An officer sent Ramzi pictures of the kids, who’d been taken by the state, and asked which one was Abdul-Ghani.

None of them.

On Tuesday, the mother learned a young boy's body had been found the day before, which would've been the boy's 4th birthday. It still hasn't been identified because of the state of decomposition, but she believes it's Abdul-Ghani.

While accepting his presumed death, family and friends said they’re perplexed by the allegations. Why would a man who they say isn’t normally violent and has spoken out against Muslim extremists train kids to do school shootings?

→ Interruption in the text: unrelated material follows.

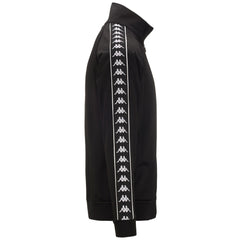 222 BANDA ANNISTON SLIM Black-black | Kappa US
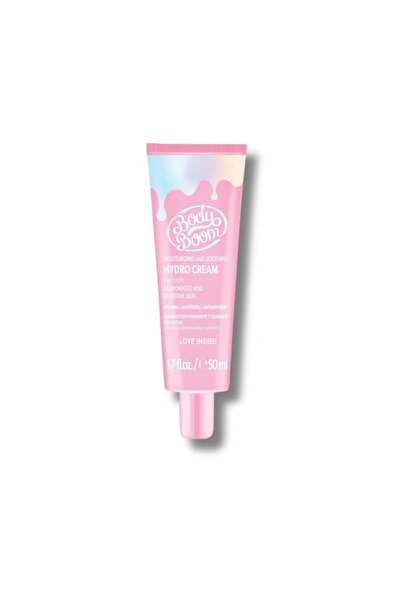 BODY BOOM Ενυδατική & Καταπραϋντική Υδροκρέμα (50ml)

Imam Siraj Wahhaj knows what it’s like to be accused of radical Islam. He’s been dealing with it since word got out that some of the perpetrators in the 1993 World Trade Center bombing had attended his Brooklyn mosque.

Rashid said he has always known the father to be a believer in peace, and the same goes for the son.

“He’s not that way,” Rashid said. “Everybody who grew up with him in New York City, it’s hurting their hearts.”

Some, Rashid included, are upset the case is being tied to Islam when he sees his friend as someone struggling with problems of mental health, not religion.

But on Thursday, friends and family awoke to Ibn Wahhaj’s face on the cover of The New York Daily News, a spot typically reserved for stars or the infamous.

The giant screaming headline: TRAINING KIDS FOR TERROR.